2. There is no evidence that Obama’s selective service card is a forgery, and there is no evidence that an inverted stamp was used on it. The Selective Service System has said that Obama duly registered.
3. There is no evidence that, since 2009 Obama has used a Social Security Number starting with 042. There is also no evidence that the 042- number previously used by Obama was ever assigned to anyone else, including an unspecified “man born in 1890.”
Moreover, none of these questions are relevant as to why Judy failed to adequately explain the applicability 42 U.S.C. sec. 1983, the Sherman Act, or the Clayton Act.
Philo…the forgers used a 2008 postal date stamp…cut off the first two digits, inverted it and placed the inverted rubber insert back into the date stamp.
3 questions for the gaggle:
1) was the paper document photographed by Savanah Guthrie – the same paper document used to create the paper Xerox copy handout (AP copy) and the LFBC PDF?
2) how did the forgers of the SS registration obtain a 1980 registration card and obsolete, round Makiki Station postal stamp?
3) what is the name of the person born in 1890 and why does the same database used by Susan Daniels have both a 1890 dob and a 1990 dob for the same address for Obama?
The 12th Amendment states, “But no person constitutionally ineligible to the office of President shall be eligible to that of Vice-President of the United States.”

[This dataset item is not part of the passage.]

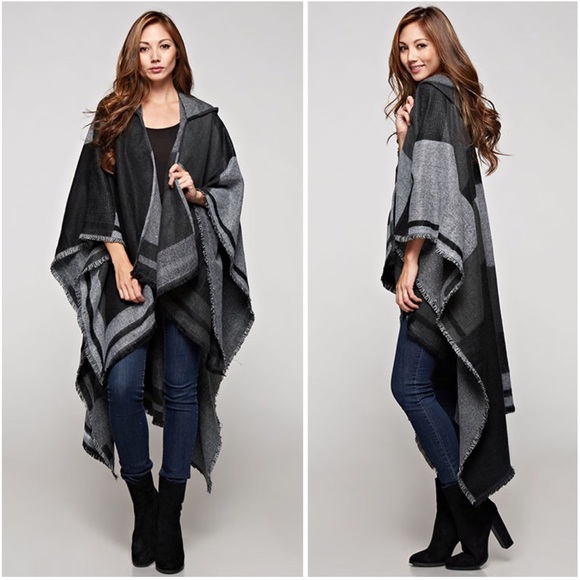Sweaters - Black & Gray Plaid Scarf Fringe Hooded Poncho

It was ratified in 1804; Chester Arthur became the president in 1881. Although Arthur did burn some personal papers near the end of his life, it was known during Arthur’s presidency that Arthur’s parents were not U.S. citizens at the time of Arthur’s birth.
Excellent questions, Gary Wilmott. Am anxiously awaiting Mr. Damon’s reply.
Cody, Thanks for all your efforts. You have been “out standing”. You are doing what others
can’t. Keep up the excellent work. You represent many other Americans. You, ( and / or )
any person can’t be successful without effort. You have paid the price. Thanks for bring the
point man. I assure you, many of us got your back.
Gary, you are right. No. # 1 is a fabricated pdf. Not from a “hard paper certificate”. No. #2
that Sel. Ser. Reg. Form is “fabricated” backdated, and wrong form (too recent). No.# 3
use of prior issued SSN , these not reissued or recycled. Obama is a fabrication: 1, 2, 3…
@RickDamon
Not exactly True, u can point to 44 Cases. Each Presidential Candidate represents a Case for the Executive Branch and is very specific to the Office of President.
Each President represents a very essential and constitutionally essential Case-of-Law for their Time Period in the Office.
All 43, accept for Obama, were qualified under the Standard I’ve represented. Art. II. Sect I. C-5 [ Citizen at the Time of this Constitution]
OR- [natural Born Citizen ie. Born in rhe US to Citizen Parents. ]
1 Case aquired the Office after an assassination as VP, however, I believe that case was before the 20tg Amendment was passed requiring both VP & Pres to be equally eligible for office. He also “Burned” his ID up.
Obama is an easy case representing a usurpation.
3 questions for Rick Damon:
1. Is the birth certificate (actually a digital file) proffered by Obama as proof of his purported Hawaiian birth a forgery?
2. Is Obama’s selective service registration card with inverted two-digit postal stamp a forgery?
3. Is Obama using a 042 prefix Connecticut SSN issued to a man born in 1890?
Mr. Judy apparently has forgotten it isn’t just the District Court which ruled that his lawsuit is frivolous. The Tenth Circuit made the same determination in 2015:
“Judy cannot point to a single case that construes any of these statutes in a way supporting his claims for relief. Next, because we see no scenario where he would be entitled to relief under § 1983, the Sherman Act, or the Clayton Act, we also agree with the district court that his complaint was frivolous.”